__ABOUT THIS EXERCISE__. Please copy each line from the entries that contains the string "Cape".

__Crawled caption data__.
==========

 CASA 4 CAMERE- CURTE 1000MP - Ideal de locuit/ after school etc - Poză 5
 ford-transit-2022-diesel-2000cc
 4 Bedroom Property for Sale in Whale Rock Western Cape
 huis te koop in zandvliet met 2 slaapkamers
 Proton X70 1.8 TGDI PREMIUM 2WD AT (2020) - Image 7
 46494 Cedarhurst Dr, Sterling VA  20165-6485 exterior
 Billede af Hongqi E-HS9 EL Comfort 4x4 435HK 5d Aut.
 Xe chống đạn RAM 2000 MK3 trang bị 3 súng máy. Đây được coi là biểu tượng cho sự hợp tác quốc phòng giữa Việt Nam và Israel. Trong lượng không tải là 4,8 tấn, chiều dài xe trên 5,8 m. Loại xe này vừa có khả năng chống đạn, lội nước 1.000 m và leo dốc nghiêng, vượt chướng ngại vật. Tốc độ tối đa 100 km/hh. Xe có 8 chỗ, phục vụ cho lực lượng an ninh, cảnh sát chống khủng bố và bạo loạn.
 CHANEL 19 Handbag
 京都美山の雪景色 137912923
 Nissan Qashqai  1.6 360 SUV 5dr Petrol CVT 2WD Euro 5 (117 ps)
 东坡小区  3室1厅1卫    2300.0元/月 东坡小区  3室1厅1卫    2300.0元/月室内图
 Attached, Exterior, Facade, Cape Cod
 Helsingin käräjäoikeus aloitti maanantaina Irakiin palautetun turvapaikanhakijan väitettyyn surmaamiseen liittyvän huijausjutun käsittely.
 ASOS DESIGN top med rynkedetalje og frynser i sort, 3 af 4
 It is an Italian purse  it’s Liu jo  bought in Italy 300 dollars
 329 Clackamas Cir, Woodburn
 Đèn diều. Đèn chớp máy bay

==========

__RESPONSE AREA__.
 4 Bedroom Property for Sale in Whale Rock Western Cape
 Attached, Exterior, Facade, Cape Cod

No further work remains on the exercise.